Following a recent survey carried out by the Advisory, Conciliation and Arbitration Service (“ACAS”) which unsurprisingly revealed that almost half of employers expect their job applicants to have relevant work experience (usually demonstrated through job references), Tom Neil (ACAS Senior Adviser) emphasized the importance for job applicants and employers to know the relevant legal requirements surrounding work references. Thus, ACAS launched a set of new guidelines which aim to provide answers and further clarification to some of the most typical questions received on their helpline (the “Guidelines”).

A reference usually consists of important information about a prospective employee (such as basic facts about the job applicant, work ethic and experience, details about the job applicant’s skills, abilities, character, strengths, weaknesses etc.) meant to assist the employer in deciding whether the candidate is suitable for the job. In the absence of a statutory requirement to do so (which only applies to certain regulated sectors), there is generally no obligation on a prospective employer to request a reference from an employee. Similarly, in line with the well-established legal precedent in Lawton v BOC Transhield Ltd (1987), there is no legal obligation on an employer to provide a reference for an employee or ex-employee.

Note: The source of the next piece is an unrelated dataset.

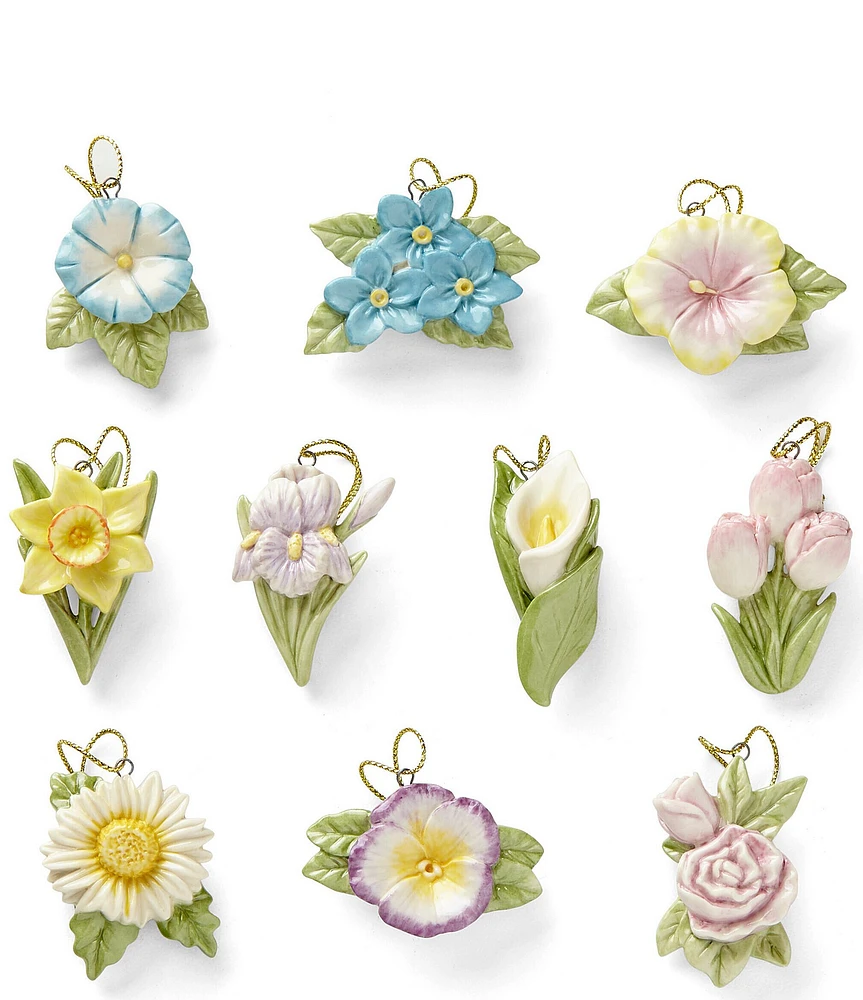 Lenox Celebrate Flowers 10-Piece Mini Ornament Set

If an employer nevertheless chooses to provide a reference, the Guidelines remind us that such reference must be “fair, truthful and accurate”, and when opinions are provided, the same should be based on facts. Moreover, a reference does not need to be full and comprehensive, but must merely include sufficient details to avoid being misleading. This means that as long as the reference satisfies the aforementioned conditions, it can contain details establishing that a job applicant is not suitable for the role they are applying for or that he/she does not have enough experience of relevant responsibilities etc.

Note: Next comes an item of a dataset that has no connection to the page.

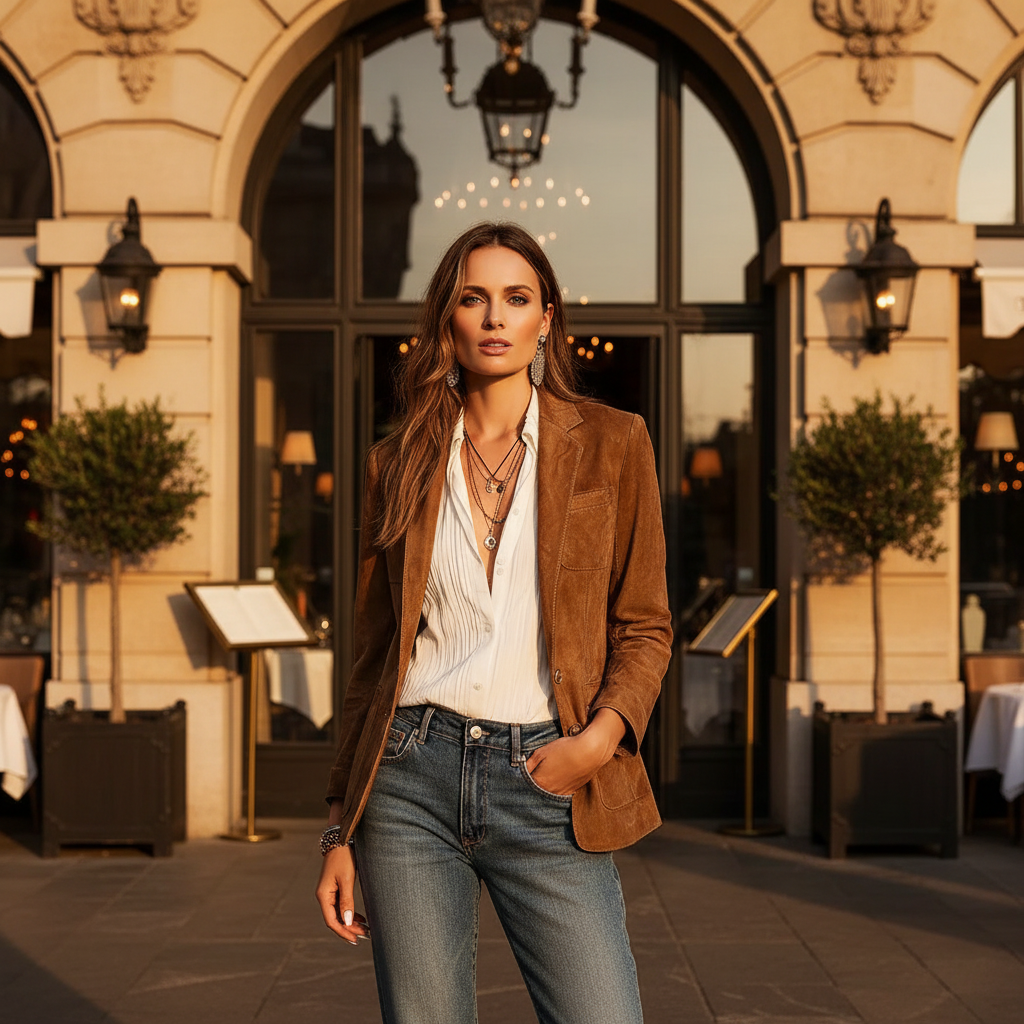 Women's Notched Lapel Buttoned Jacket | Patch Pockets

The Guidelines suggest that as a minimum standard of good practice, employers should have a policy meant to assist them with handling reference requests, establishing the acceptable grounds of refusal and clarifying the particular information that should be included in a job reference. Moreover, such a policy should be consistently applied; otherwise, employers could become susceptible to allegations of discrimination or breach of the implied term of trust and confidence.

What prospective employers should consider: 

  • Employers and recruitment agencies should remember that referees can lawfully refuse to provide references. In such a scenario, a prospective employer should consider whether hiring the job applicant on a probationary period could be used as an alternative means of assessing his/her suitability.

  • References might inaccurately suggest that the applicant is suitable for the job. If a prospective employer has any such concerns, it is advisable that it firstly discusses them with the job applicant. 

  • A conditional job can be withdrawn if the job applicant does not meet satisfactory references. 

  • Employers must only seek references from current employers with the job applicant’s permission.

What current/ex -employers should consider: 

Although employers can generally choose whether or not to give a reference, one should bear in mind that a failure or refusal to do so:

  • Could be discriminatory and therefore entitle the employee to bring a claim for discrimination if such failure or refusal is because of one or more of the protected characteristics under the Equality Act 2010. 

  • May result in a separate and additional claim of victimisation where the current or ex-employee has previously brought discrimination proceedings or done anything under or by reference to the discrimination legislation. 

  • Could be in breach of any settlement agreements entered into between the employer and the employee since such contracts usually provide that the employer must respond to any requests for a reference in accordance with an agreed form that is usually annexed to the agreement.

What employees should consider:

  • Employees should consider waiting for an unconditional offer before handing in their notice. 
  • Job applicants who are unhappy with a reference can request to see a copy and may be able to claim damages in court if they can prove that it was misleading, inaccurate and resulted in the withdrawal of their job offer.